2. A sack of thermoplastic film comprising: front and rear bag walls joined together by side walls, each side wall having an integral pleat; an open mouth top portion having double film thickness handles which are integral extensions of said front, rear and side walls; at least one bottom heat seal stripe welding together four film layers in both collapsed, lay-flat regions of said side walls and welding together the two bottom-central film layers of said front and rear walls; and between the heat-seal stripes of the four film layers and the two film layers are unsealed, arcuate stress relief regions wherein said relief regions are the structures resulting from removing the film area below a curve extending from a point at the bottom of said four film layers to a point at the bottom of said two film layers.
3. The sack of claim 2 wherein said curve is part of a circle.
The present invention relates to a handled thermoplastic bag structure and a method for forming the same.

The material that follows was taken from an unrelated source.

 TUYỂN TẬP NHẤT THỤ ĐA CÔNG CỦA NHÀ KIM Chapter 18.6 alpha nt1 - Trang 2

In recent years plastic bags and sacks have appeared in increasing numbers in competition with paper bags and sacks. The many advantages plastic film sacks have over paper sacks will ultimately be responsible for the same dominating the field of bags and sacks. Features such as high tear strength, waterproof characteristics, strong integral handles, puncture resistance, high film density, cost competitiveness, etc. will make thermoplastic sacks the article of choice, particularly, in the field of grocery sacks.
The structure of thermoplastic grocery sacks has in recent years evolved to that of a structure made from: collapsing a tube of plastic so as to have two in-folded pleats or gussets at opposite sides thereof; forming two spaced seals positioned trasverse of the collapsed tube; and removing from one end thereof of a U-shaped segment which simultaneously forms two integral handles and a bag mouth opening. By this configuration and by virtue of the in-folded pleats or gussets the handles have double film thicknesses which give greater carrying strength in the handles. A forerunner of this bag has been referred to as a "undershirt" type bag, since the upper portion of the bag and handles resembles an undershirt.

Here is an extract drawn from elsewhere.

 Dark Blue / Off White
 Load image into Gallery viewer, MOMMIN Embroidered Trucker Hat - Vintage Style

Bags of these structures had a tendency to split or tear in the bag mouth opening as handles were stretched during the bag loading process. This problem was successfully solved by including stress relief structures in the bag mouth opening in the region near the base of the handles; see U.S. Pat. No. 4,165,832, the disclosure of which is, in its entirety, incorporated herein by reference.
With the increasing use of such thermoplastic handled sacks in conjunction with the down-gauging trend regarding the thickness of the thermoplastic film employed therein, a problem has developed which threatens to undermine the consumer's confidence in such thermoplastic sacks. At the bottom of the above-described sacks, a heat seal stripe forms a welded closure for the bag structure. In the region of the in-folded pleat or gusset, four layers of film are brought together in the outer regions of the lay-flat bag structure and, in-between, two layers of the front and back panels of the sack are brought together. Thus, the heat seal must simultaneously weld four layers together in the outer segments of the sack and two layers together at the central region of the sack. It has been found that bags have been failing by tearing open in the region of the four and/or two film heat seal portion of the bottom of the sack beginning at the seal transition from the four layers to the two layers.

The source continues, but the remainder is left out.